I consider this to be always in progress. Every few months, a new machine learning model make the previous model somewhat obsolete. This is a reverse-chronological log of my exploration with using machine learning image generation models to make or modify architectural drawings.

Stable Diffusion

These are experiments in using Stable Diffusion first as a text-to-image generator, and then as an image-to-image pipeline. Essentially, a kind of image style transfer using text prompts.

I’m using this huggingface/diffusers repository: https://github.com/huggingface/diffusers

StyleGAN2-ADA

The following were trained for about 16 hours with the StyleGAN2-ADA network. This is a recent update that produces similar results to StyleGAN2, but with much fewer images required in the data set.

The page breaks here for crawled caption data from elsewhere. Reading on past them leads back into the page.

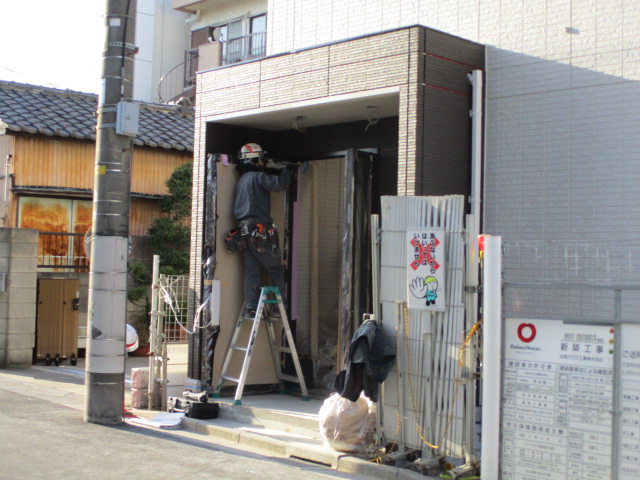 エントランス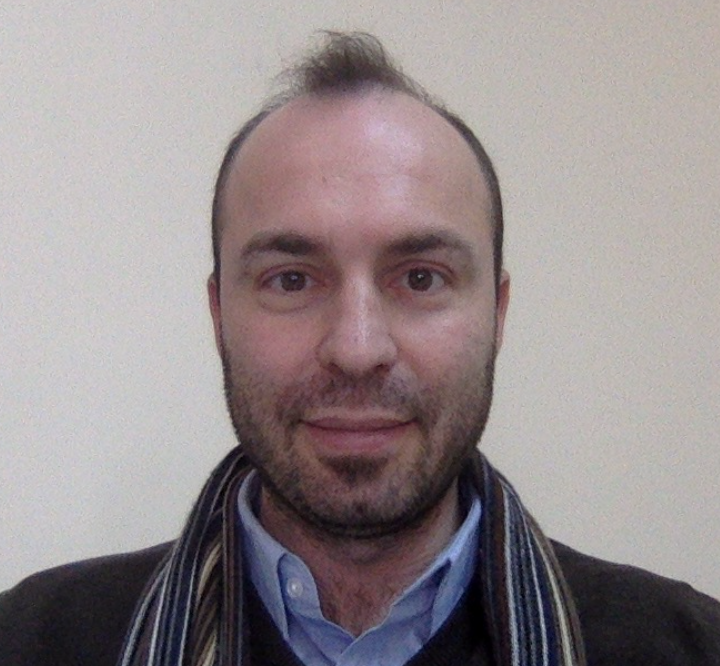 CEO Gustavo Bustos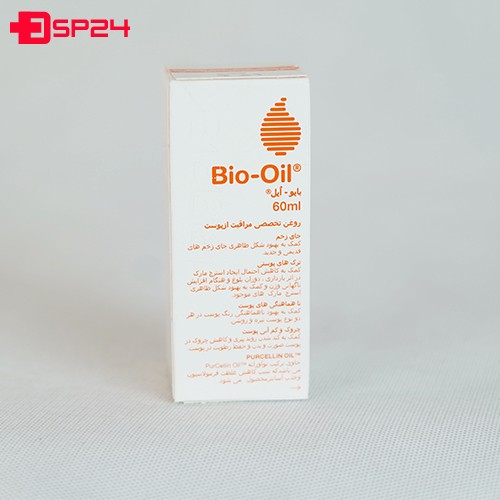 روغن ترمیم کننده پوست  بایو ایل 60 میلی لیتر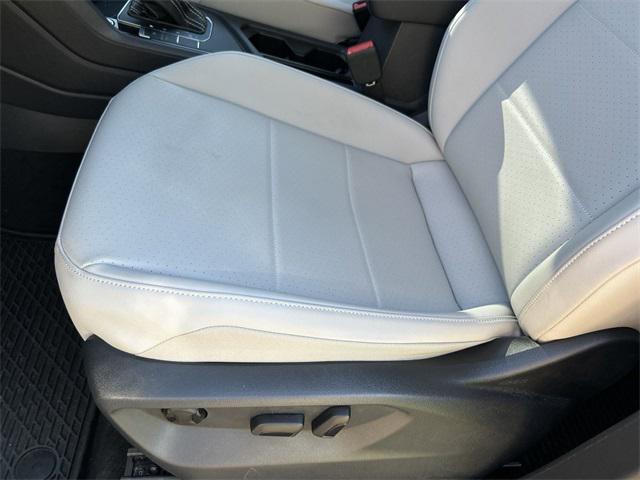 used 2021 Volkswagen Tiguan car, priced at $23,998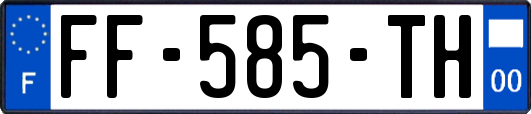 FF-585-TH
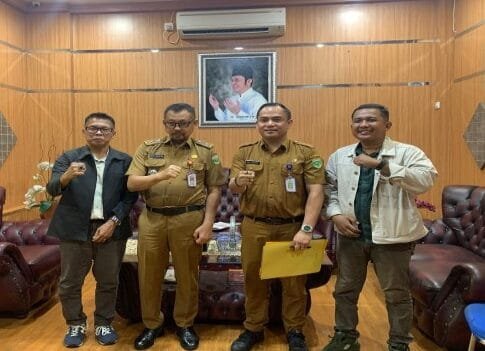 Firdaus Komar: JMSI Siap Perkuat Peran Media Siber untuk Pembangunan Daerah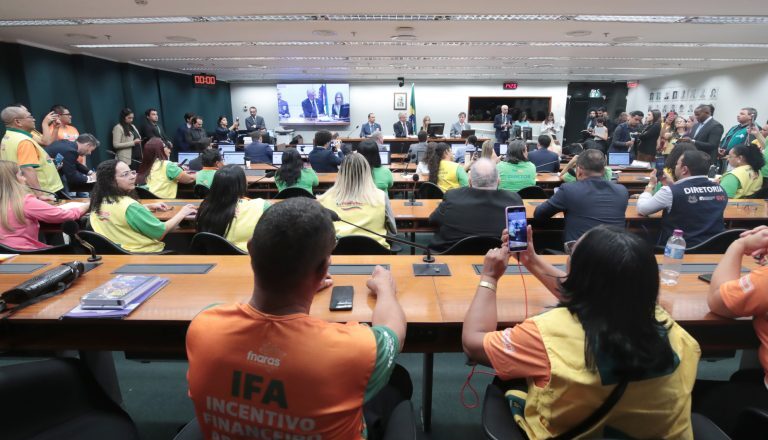 Comissão sobre aposentadoria especial de agentes de saúde começa a funcionar – Notícias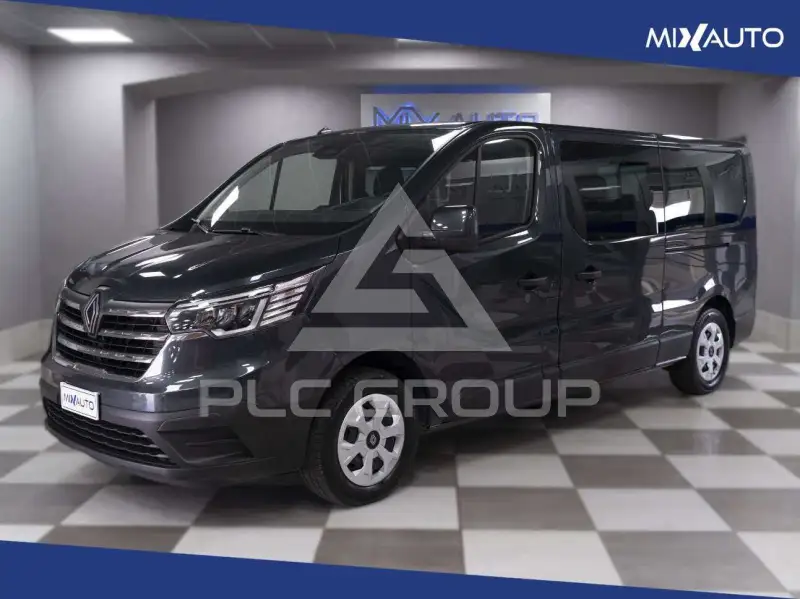 2024 Renault Trafic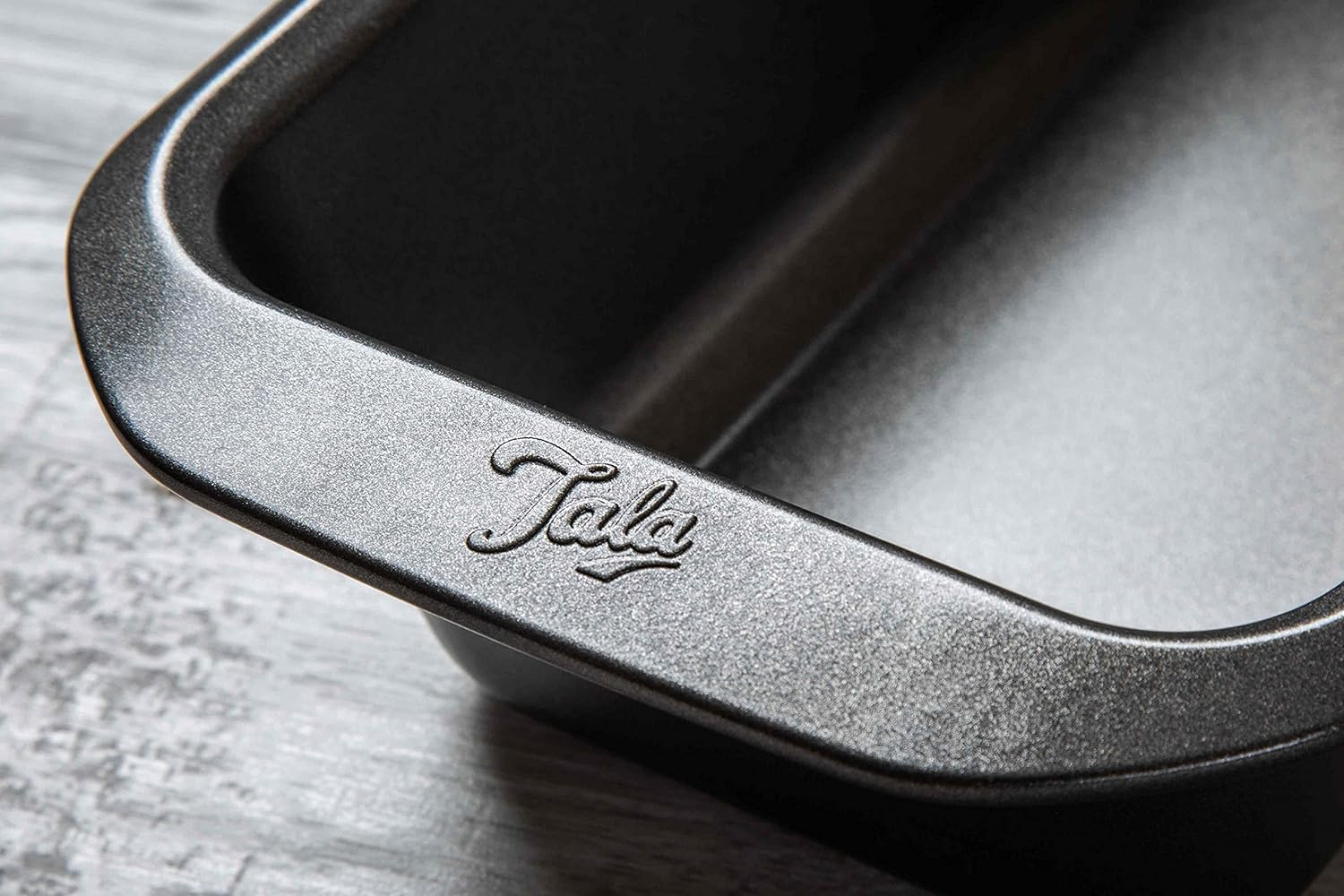 Tala Everyday Baking Set, with 9" Springform Cake Tins, 2Lb Loaf Tin and Baking Tray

This is good for an architectural drawing data set like this, when I’m trying to be selective about picking strong compositions to include. The data set is 750 architectural drawings, similar to the previous collection. The images below are from a truncation range between 0.6 and 0.8. A truncation of 0 produces the most common, or most average of all results in the model’s latent space, and a value of 1 or higher produces more unrealistic or abstract results.

StyleGAN2

These images were made with StyleGAN2, a generative adversarial network (GAN) introduced by Nvidia. The model was trained for about 24 hours on a data set of about 1,000 architectural drawings that included several different authors, perspectives, and rendering styles. The results of this model tend to resemble section or elevation drawings, with columns and beams, light and shadow, and a distinct horizon line. As is, the model produces striking compositions, if not very substantive drawings. For training future models, it may be best to separate drawings by their type, and have separate models for perspectives, axonometrics, plans, etc. This is a first step in exploring the limits of neural networks for producing designs and drawings.

StyleGAN2-ADA + Pix2PixHD

 StyleGAN2 can produce strong compositions, but the results are still missing a practical structure or apparent purpose that you would get from a human-made drawing. There’s no true concept of space, depth, or objects. Not without a lot of imagination. My next goal is to combine a StyleGAN model with a Pix2Pix model to get more ‘thoughtful’ results. I used an object segmentation architecture called U^2-Net to make a black and white mask of a few thousand architectural drawings. These black and white masks were put into StyleGAN2-ADA to produce original black and white masks (a few pictured below).

A Pix2PixHD model was trained with the original architectural drawings as the ground truth, the U^2-Net masks as the input label, and the new masks from StyleGAN as the test images. This resulted in the synthesized images below.

The architectural drawing dataset was very diverse, which wasn’t handled very well by the Pix2Pix model. The model was trained for roughly 48 hours before reaching a plateau, producing drawings similar to the examples above. I may have to try this again with a much more similar set of input images. Also, the U^2 Net mask is probably not an ideal input label for generating coherent drawings with Pix2Pix. I may be better off with canny edges or a depth map.